Today I had lunch with a friend whom I haven’t seen in several years.  We met in a part of the city I rarely visit so I wasn’t familiar with the restaurants. Our phone conversation setting up our lunch plans went something like this:

friend: “What are you in the mood for…”

me: “I don’t know, what is there…”

friend: lists several nearby restaurants – none of which I know

me: “umm…I don’t care, I’m fine with anything…”

Upon arriving we settled on one of the restaurants near the intersection where we met.

Upon going into the restaurant, our conversation went something like this:

friend to waiter: “are there any lunch specials…”

waiter points to lunch specials on the menu and then leaves us to make our decision.

friend to me: “want to share a pizza…”

me: “sure…”

friend: “want kind of pizza do you like…”

me: “any kind….lunch special sounds good”

friend: “no, too many meats. What about margarita or perhaps quattro formaggi…”

me: “sure, that sounds fine…”

waiter returns and takes our order.

In reality, you can see that these two decisions – where to eat and what to eat – didn’t take a tremendous amount of coordination.  But it did take some coordination.  More, it monopolized most of the initial conversation with someone I haven’t seen in two years. As we begin to (first) digitize broad swaths of information and (second) intermingle and intertwine these diverse streams of data, I can envision a variety of ways these series of decisions are handled very differently in the future.

Imagine this (not implausible) scenario:

First, my phone has stored locally everywhere I’ve eaten in the last two years or more likely my phone has access to a service or set of services which knows this information.  Three or four years ago information like this wasn’t digitally available. Today, this information is stored across a variety of services.  Foursquare knows where I’ve eaten and where I eat frequently. Facebook might know where I’ve eaten. Yelp might know what I like or Pinterest or Facebook photos or the tips I’ve left on Foursquare or the tweets I’ve sent through Twitter. I’ve left digital breadcrumbs across a number of Internet accessible services and the rate and magnitude of these digital bits of information are only increasing.

The second element of this future scenario requires sharing these diverse (and dispersed) streams of digital data. I believe cross pollination is the proverbial next big thing when it comes to digital data.  We’ve started to capture (personal) information digitally, but we aren’t yet making predictions based what can be derived from looking at these streams collectively as opposed to individually.  We are quickly entering an Age of Algorithms.

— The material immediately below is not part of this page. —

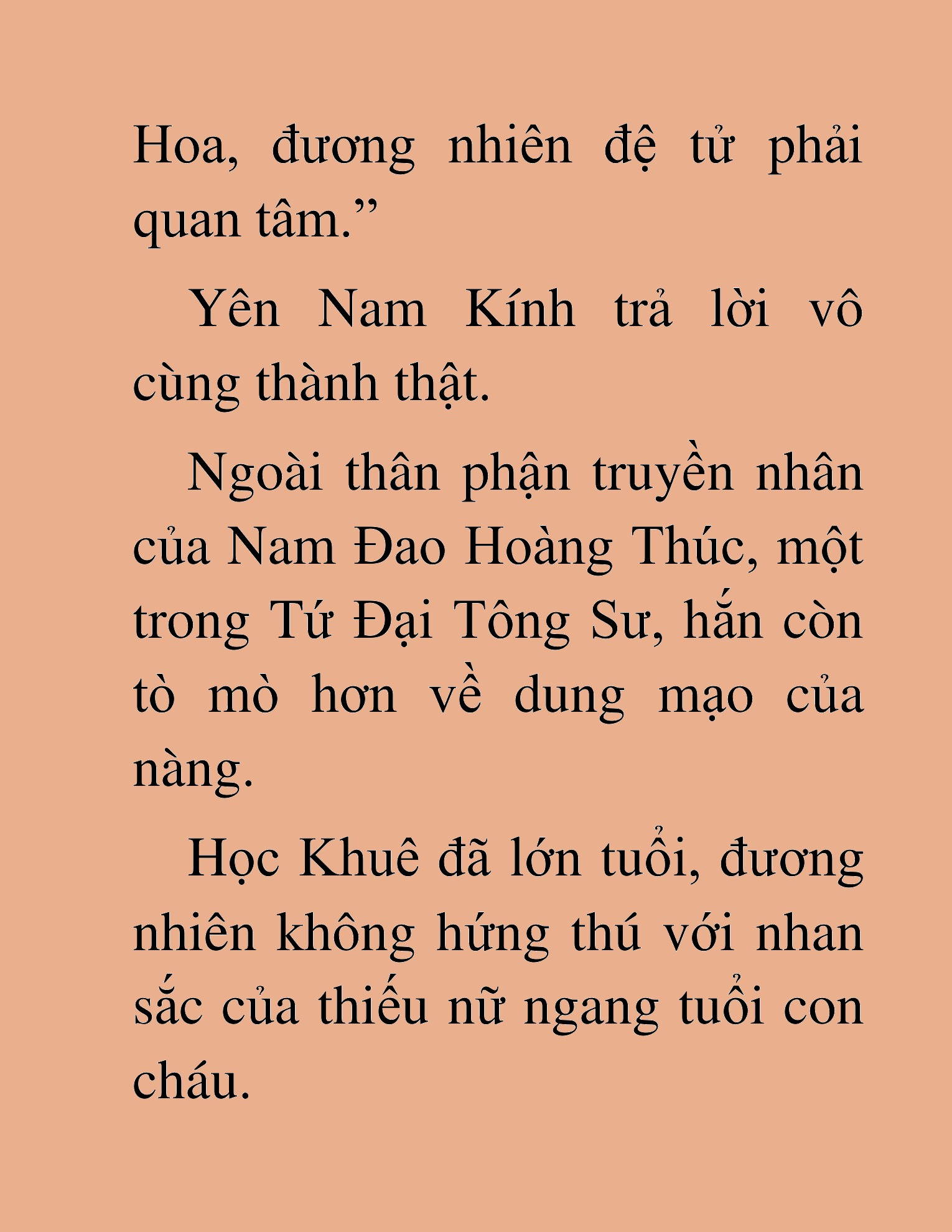 Đọc truyện HAT[NOVEL] Võ Vô Vô Địch - Chap 34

Here’s an example of how this might work.  Not only does my phone have access to my personal digital data, but it also sees the digital data of my friend. This also isn’t that far fetched. Since we are connected on Facebook for example, this single service already knows a lot about each of us. Facebook could have recommended one of the nearby restaurants by mapping our profiles against each other and examining the intersection of our profiles while utilizing the GPS coordinates of my phone to identify high probability matches.

The second question – what to eat – could be solved in a similar way.  Imagine our phones have embedded NFC or some comparable technology.  As we enter the restaurant I opt to “share” my information with the restaurant.  The digital streams of data I share will include obvious things like food allergies, but it could also include explicit or implicit eating profiles.  I might share what restaurants I’ve ranked highly in Yelp or in other similar services. I might share my credit card information which knows not only every restaurant I’ve eaten at, but also what I ordered. In the future I might share my grocery store scanner receipts which contain a record of everything I’ve bought at the grocery store. Rather than asking the waiter what he or she would recommend and getting back their personal (and therefore biased) input, I could get a series of computer-generated, probabilistic recommendations based on the analysis of literally thousands of data points. These recommendations could provide options for what I like individually or what multiple people might like to share. In this way, we are increasingly turning over decisions to machines. Or at least, we are allowing machines to influence our decisions.  In this we see how the digital world is going to increasingly influence what happens in the physical world.